6  Loading in Data

6.1 A bit about file types

Typically the file types that are used by beginners in R are plain text and delimited. They may have the extension “txt”, “csv”, or “dat” for example. These may become more sophisticated you progress, for example you can load in proprietary types like SPSS and STATA, but for this course we will mostly use plain text files (although later in the course I will show you how to load in Excel files and SPSS files).

6.2 Loading in local data using a GUI:

As with loading packages, you can also load in a file containing data using the RStudio GUI. See this video.

As with installing packages, this is only preferred if you are not sharing your analysis. If you are sharing your analysis (as in this class) you need to import data using the command line. Fortunately, RStudio creates the appropriate command-line for you to copy and paste. For example the general format for loading in a csv file is:

library(tidyverse)
df_assigned_name <- read_csv("path/to/filneame.csv")

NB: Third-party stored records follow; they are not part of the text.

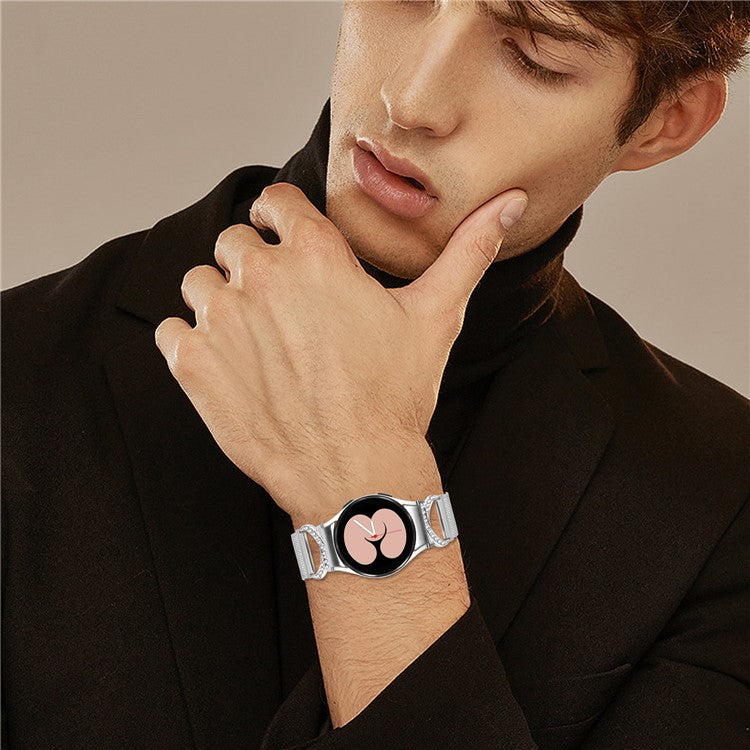 Watch Strap with Quick Release Connector for Samsung Galaxy Watch7 44mm / 40mm Milanese Silver Metal Watch Band Rhinestone Decor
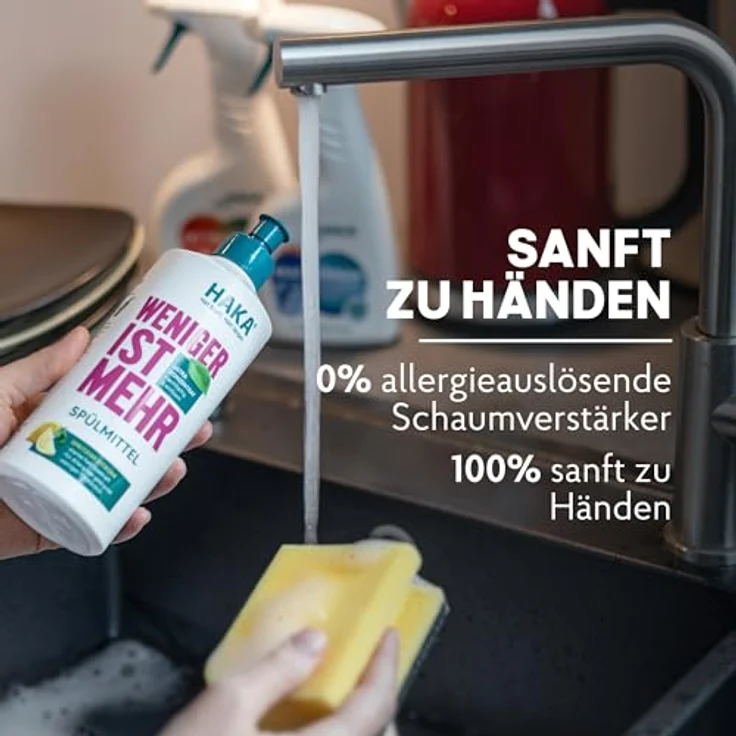 HAKA Spülmittel Zitrone, konzentrierte Fettlösekraft, pH-hautneutral, vegan, frisch duftend – Bild 3
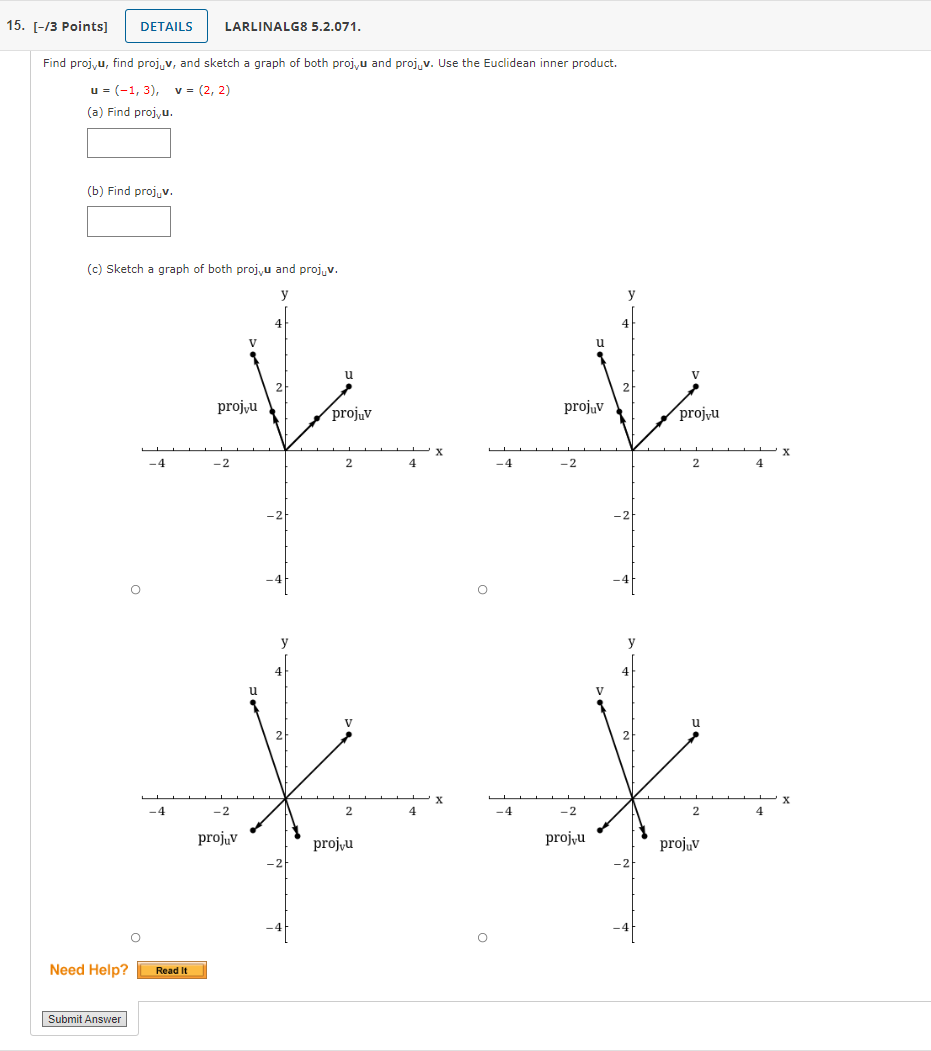 15. [-/3 Points] DETAILS LARLINALG8 5.2.071. Find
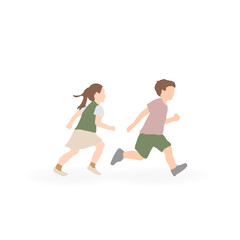 Children Running in Casual Clothes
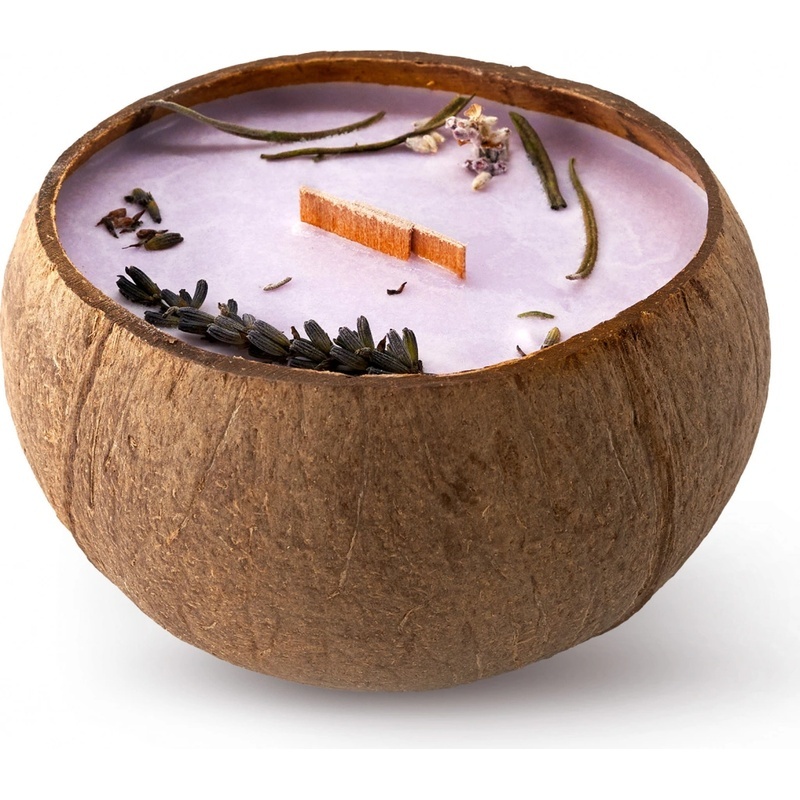 Svíčka v kokosu - vůně levandule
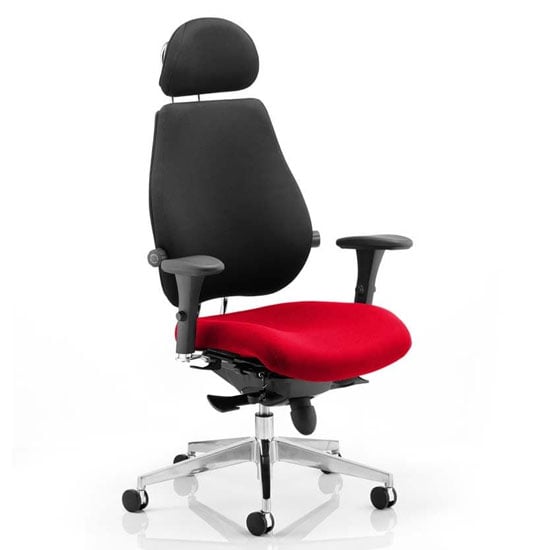 Chiro Black Back Headrest Office Chair With Bergamot Cherry Seat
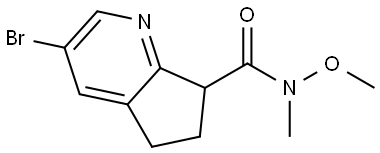 5H-Cyclopenta[b]pyridine-7-carboxamide, 3-bromo-6,7-dihydro-N-methoxy-N-methyl- Structure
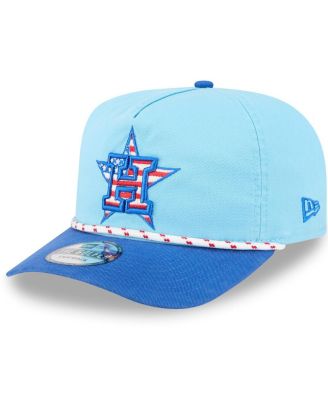 New Era - Men's Light Blue/Blue Houston Astros 2025 Fourth of July Golfer Snapback Hat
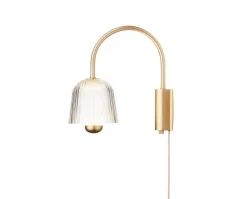 Asteea Vägglampa | Satin Brass/Ripple Clear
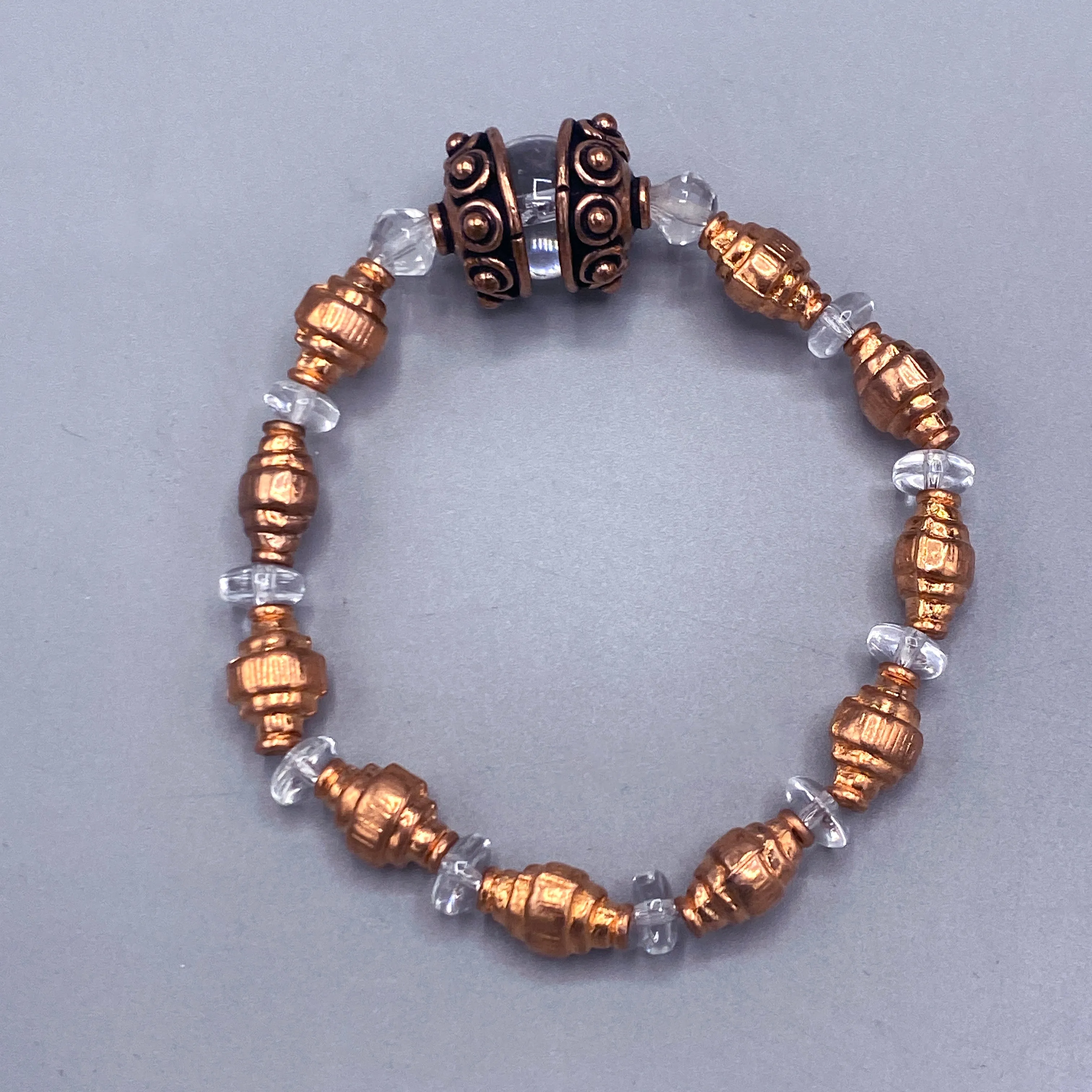 Quartz and Copper Beaded Stretch Bracelet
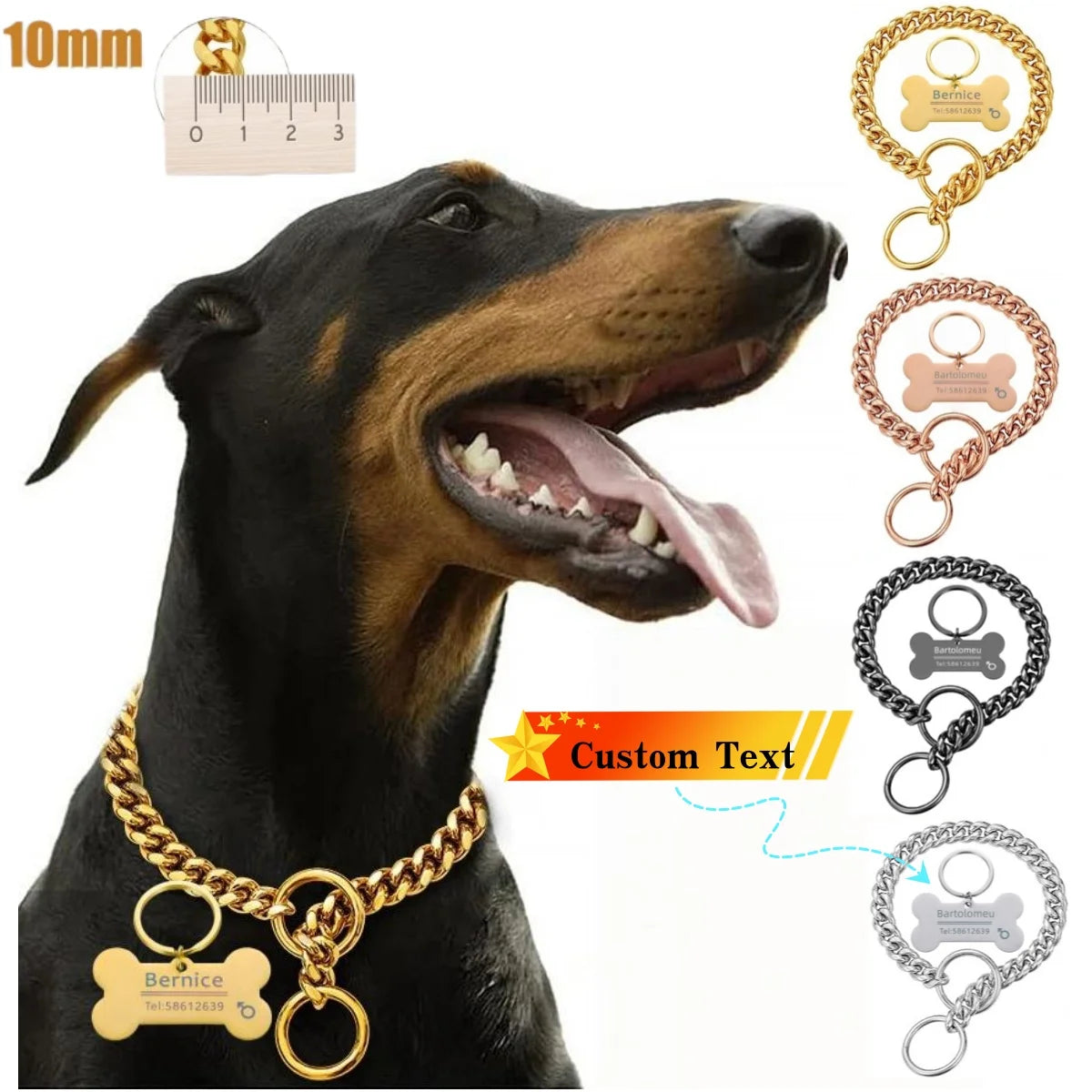 18K Gold Chain Dog Collar 10MM Cuban Link Chain Stainles Steel Metal Links Walking Training Collar Choker for Small Medium Large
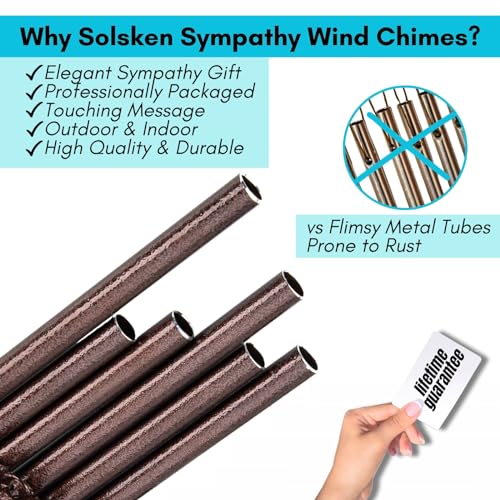 Solsken Home Memorial Wind Chimes - Sympathy Wind Chimes - Relaxing, Sweet Tones - Bronze - 29", A-Bronze Tree of life - Image 4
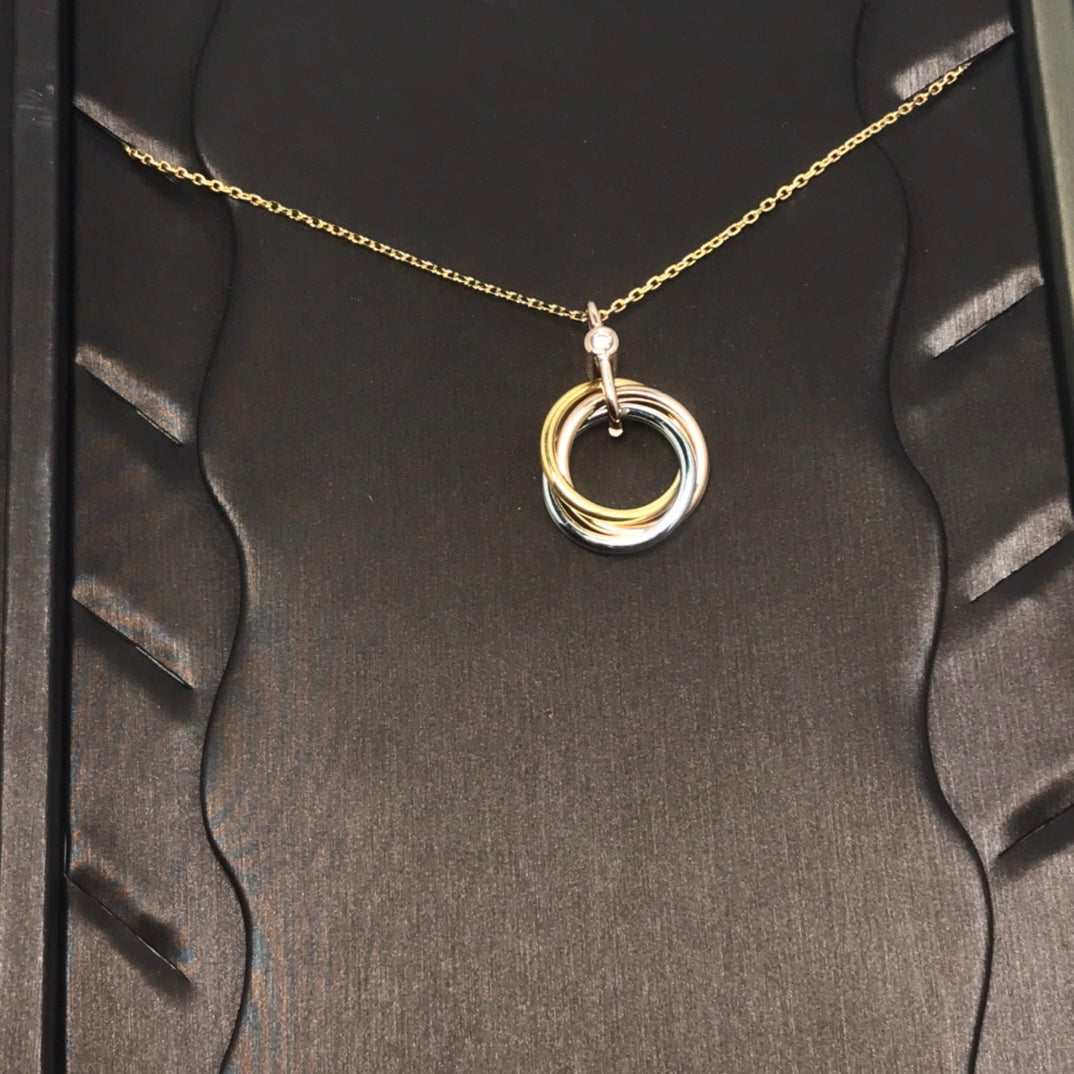 [CLOVER JEWELRY]TRINITY SILVER GOLD PINK GOLD NECKLACE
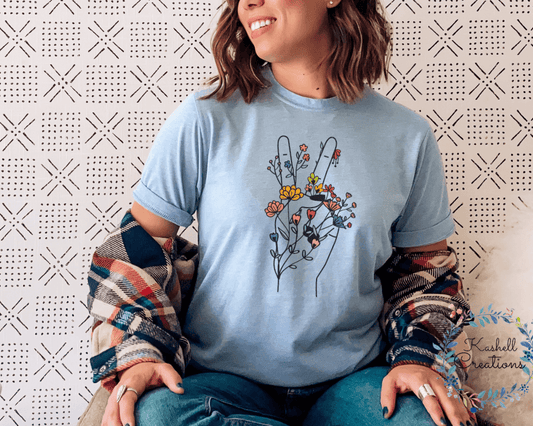 Flower Peace T-Shirt - Kashell Creations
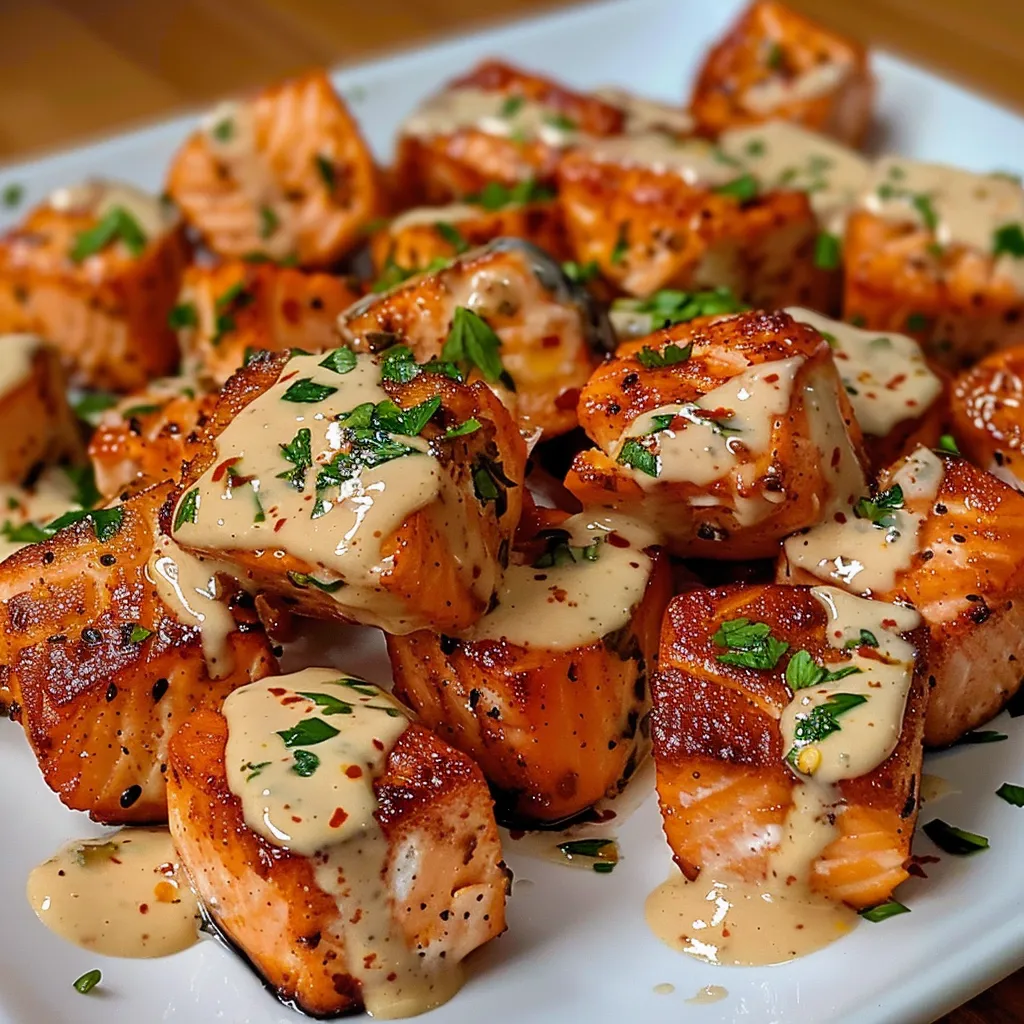 Crispy and spicy salmon bites served with Bang Bang sauce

Where df_assigned_name is the name of the object you want to assign the data to, and path/to/filename.csv is the path to the file you want to load in. For example, if I wanted to load in the file LexicalDescisionData.csv from the folder practice_datasets in my current working directory, I would run the following:

library(tidyverse)
LexicalDescisionData <- read_csv("practice_datasets/LexicalDescisionData.csv")

6.3 Importing data from the web

You might be saying to yourself, “but, Tehran, the entire reason you’ve got us learning R is for transparency and openness with our data. How would I be able to share in my code a data file that resides on my hard drive?!?””

Correct, you can’t, but you can upload it to the internet and someone can access it from an online repository. Personally, I like to use http://www.github.com, but we’ll save that for some advanced stuff later in the semester for those so inclined. Another alternative is to upload your entire folder to a project in http://www.rstudio.cloud.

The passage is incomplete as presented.